Today, the Camak House is located on a four-acre
city block in Athens that is bounded by Meigs, Finley, Hancock, and Newton
Streets. Originally, however, the property line continued northward to Prince
Avenue, and was the first house built in the Prince Avenue area of Athens. In
the early 1900's, Meigs Street was cut across the property and the land between
Meigs Street and Prince Avenue was purchased by The Coca-Cola Bottling
Company.
The Camak House and remaining property stayed in the
family until 1949, when the house and grounds were sold to the Mount Vernon
Lodge No. 22 of the Masons. The Masons did extensive renovations on the house,
altering original floor plans on each of the floors, and substantially
destroying the original floor plans on the basement and top stories.

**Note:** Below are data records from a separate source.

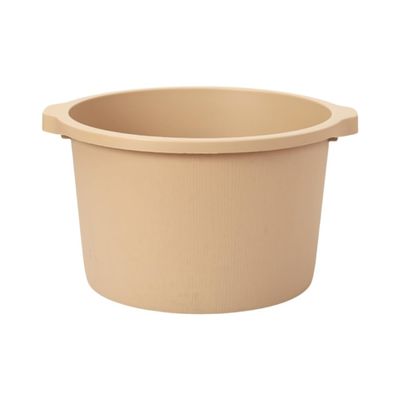 Wcxixo Without Lid Foot Bath Bucket Feet-Washing Basin Plastic Foot Soak Tub Bathroom Products Wash Foot Barrel Household Soaking Feet for Home and Beauty Salon Use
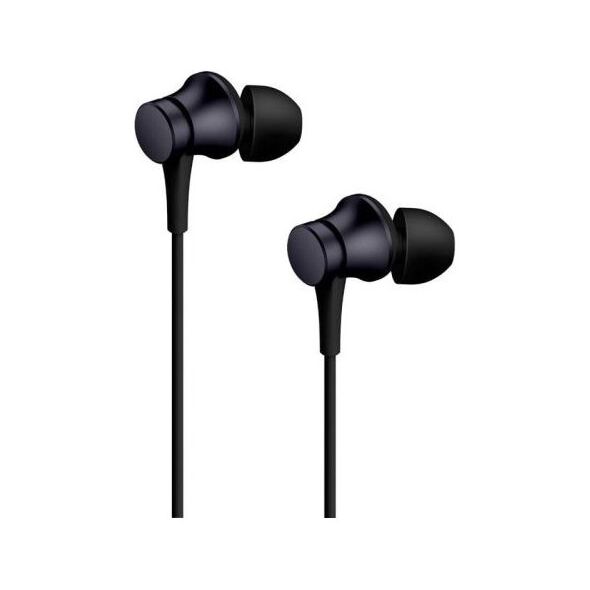 Hands Free Stereo Xiaomi Mi In-Ear Headphones Basic 3.5mm HSEJ03JY Μαύρο 6970244522184 6970244522184 έως και 12 άτοκες δόσεις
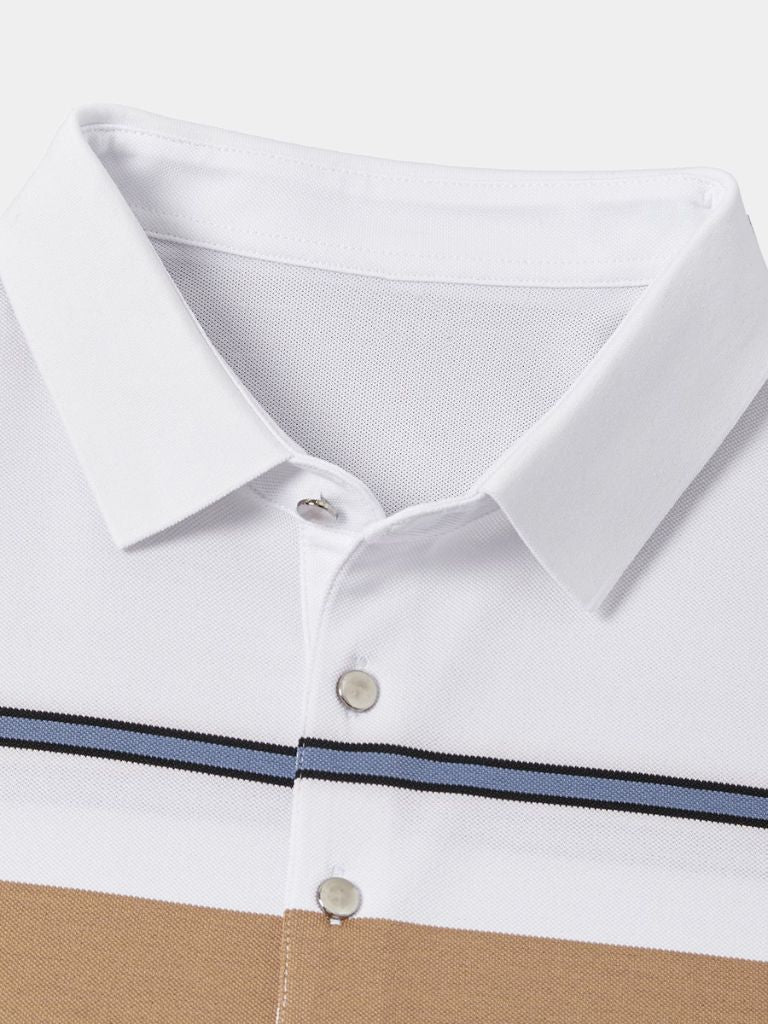Sunset Stripe Polo - Montierri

The Masons used the Camak house as their lodge until
1979, when The Coca-Cola Bottling Company bought the property. The Coca-Cola
Bottling Company used the house for storage and also constructed a sand and
gravel parking lot for its trucks on the eastern third of the
tract.
In 1992, the Georgia Trust for Historic
Preservation acquired the house and the 2.8 acres of the block not included in
The Coca-Cola Bottling Company's parking lot. Late that year, the house was
purchased by the Athens law firm now known as WINBURN, LEWIS & STOLZ, LLP.
Extensive restorations began shortly thereafter, and, in December of 1993, the
law firm relocated its offices from College Avenue to the Camak
House.
The Camak House is one of the oldest houses still
existing in Athens and one of only a few homes built in the Federal Style. It
was listed in the Historic American Buildings Survey (HABS) catalogue in 1936.
The Camak House and the entire four-acre city block was placed on The National
Register of Historic Places in 1975.
Thereafter, in 1990, the house and a .648 tract
immediately surrounding it was designated as an historic landmark under the
Athens Historic Preservation Ordinance and placed under the protection of the
Athens Historic Preservation Commission.